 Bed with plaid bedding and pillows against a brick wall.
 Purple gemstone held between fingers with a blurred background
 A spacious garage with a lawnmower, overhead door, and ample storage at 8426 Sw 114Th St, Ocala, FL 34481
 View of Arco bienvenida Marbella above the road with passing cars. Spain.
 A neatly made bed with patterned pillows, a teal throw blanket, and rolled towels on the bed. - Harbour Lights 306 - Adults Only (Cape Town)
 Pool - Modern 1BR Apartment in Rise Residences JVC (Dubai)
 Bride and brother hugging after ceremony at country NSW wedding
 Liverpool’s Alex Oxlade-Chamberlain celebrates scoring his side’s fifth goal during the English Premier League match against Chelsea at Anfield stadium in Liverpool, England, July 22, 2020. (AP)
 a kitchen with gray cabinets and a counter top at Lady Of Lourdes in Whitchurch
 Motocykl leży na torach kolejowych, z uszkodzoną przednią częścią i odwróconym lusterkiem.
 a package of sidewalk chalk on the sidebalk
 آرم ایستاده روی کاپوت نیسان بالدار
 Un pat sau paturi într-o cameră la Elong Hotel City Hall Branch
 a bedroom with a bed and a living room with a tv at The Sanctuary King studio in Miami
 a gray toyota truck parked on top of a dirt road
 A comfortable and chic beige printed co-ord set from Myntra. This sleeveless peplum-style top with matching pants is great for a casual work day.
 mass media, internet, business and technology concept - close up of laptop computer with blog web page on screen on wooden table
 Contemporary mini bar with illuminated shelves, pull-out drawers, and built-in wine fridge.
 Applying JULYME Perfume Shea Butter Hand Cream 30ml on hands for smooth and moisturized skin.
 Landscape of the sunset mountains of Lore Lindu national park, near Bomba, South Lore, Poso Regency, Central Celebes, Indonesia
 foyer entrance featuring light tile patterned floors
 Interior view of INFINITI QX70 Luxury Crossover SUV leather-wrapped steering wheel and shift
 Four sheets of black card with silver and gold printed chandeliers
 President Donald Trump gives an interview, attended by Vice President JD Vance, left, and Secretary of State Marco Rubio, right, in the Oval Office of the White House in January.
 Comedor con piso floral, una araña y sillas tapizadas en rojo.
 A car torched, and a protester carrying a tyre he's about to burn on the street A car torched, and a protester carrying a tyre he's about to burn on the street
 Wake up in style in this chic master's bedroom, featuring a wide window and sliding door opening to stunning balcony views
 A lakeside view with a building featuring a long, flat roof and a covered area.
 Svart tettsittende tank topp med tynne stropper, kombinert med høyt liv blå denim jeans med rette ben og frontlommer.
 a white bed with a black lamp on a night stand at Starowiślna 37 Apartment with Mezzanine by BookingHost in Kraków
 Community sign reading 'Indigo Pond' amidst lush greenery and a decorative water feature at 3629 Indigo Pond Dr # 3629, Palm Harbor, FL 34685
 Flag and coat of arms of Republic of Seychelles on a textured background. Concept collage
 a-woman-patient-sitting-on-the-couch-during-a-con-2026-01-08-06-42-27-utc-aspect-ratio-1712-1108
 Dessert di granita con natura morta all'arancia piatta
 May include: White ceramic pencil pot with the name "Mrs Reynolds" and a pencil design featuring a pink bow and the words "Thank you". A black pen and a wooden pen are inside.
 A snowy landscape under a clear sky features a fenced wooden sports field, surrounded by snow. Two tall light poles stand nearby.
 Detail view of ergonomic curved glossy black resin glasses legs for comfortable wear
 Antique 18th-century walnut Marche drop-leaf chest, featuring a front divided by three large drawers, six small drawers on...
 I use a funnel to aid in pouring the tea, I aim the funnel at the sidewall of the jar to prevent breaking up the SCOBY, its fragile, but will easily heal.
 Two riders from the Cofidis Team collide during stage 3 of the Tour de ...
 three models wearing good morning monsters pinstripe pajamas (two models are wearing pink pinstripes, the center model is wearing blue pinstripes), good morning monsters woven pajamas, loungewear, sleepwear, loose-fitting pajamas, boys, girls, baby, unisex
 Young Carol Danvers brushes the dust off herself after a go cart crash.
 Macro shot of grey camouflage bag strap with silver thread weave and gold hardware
---------------
### [Exercise]
Which lines above run from the one containing "A spacious garage" down to the one containing "Comedor con piso"? Repeat exactly those, both ends included, and nothing else.

### [Task response]
 A spacious garage with a lawnmower, overhead door, and ample storage at 8426 Sw 114Th St, Ocala, FL 34481
 View of Arco bienvenida Marbella above the road with passing cars. Spain.
 A neatly made bed with patterned pillows, a teal throw blanket, and rolled towels on the bed. - Harbour Lights 306 - Adults Only (Cape Town)
 Pool - Modern 1BR Apartment in Rise Residences JVC (Dubai)
 Bride and brother hugging after ceremony at country NSW wedding
 Liverpool’s Alex Oxlade-Chamberlain celebrates scoring his side’s fifth goal during the English Premier League match against Chelsea at Anfield stadium in Liverpool, England, July 22, 2020. (AP)
 a kitchen with gray cabinets and a counter top at Lady Of Lourdes in Whitchurch
 Motocykl leży na torach kolejowych, z uszkodzoną przednią częścią i odwróconym lusterkiem.
 a package of sidewalk chalk on the sidebalk
 آرم ایستاده روی کاپوت نیسان بالدار
 Un pat sau paturi într-o cameră la Elong Hotel City Hall Branch
 a bedroom with a bed and a living room with a tv at The Sanctuary King studio in Miami
 a gray toyota truck parked on top of a dirt road
 A comfortable and chic beige printed co-ord set from Myntra. This sleeveless peplum-style top with matching pants is great for a casual work day.
 mass media, internet, business and technology concept - close up of laptop computer with blog web page on screen on wooden table
 Contemporary mini bar with illuminated shelves, pull-out drawers, and built-in wine fridge.
 Applying JULYME Perfume Shea Butter Hand Cream 30ml on hands for smooth and moisturized skin.
 Landscape of the sunset mountains of Lore Lindu national park, near Bomba, South Lore, Poso Regency, Central Celebes, Indonesia
 foyer entrance featuring light tile patterned floors
 Interior view of INFINITI QX70 Luxury Crossover SUV leather-wrapped steering wheel and shift
 Four sheets of black card with silver and gold printed chandeliers
 President Donald Trump gives an interview, attended by Vice President JD Vance, left, and Secretary of State Marco Rubio, right, in the Oval Office of the White House in January.
 Comedor con piso floral, una araña y sillas tapizadas en rojo.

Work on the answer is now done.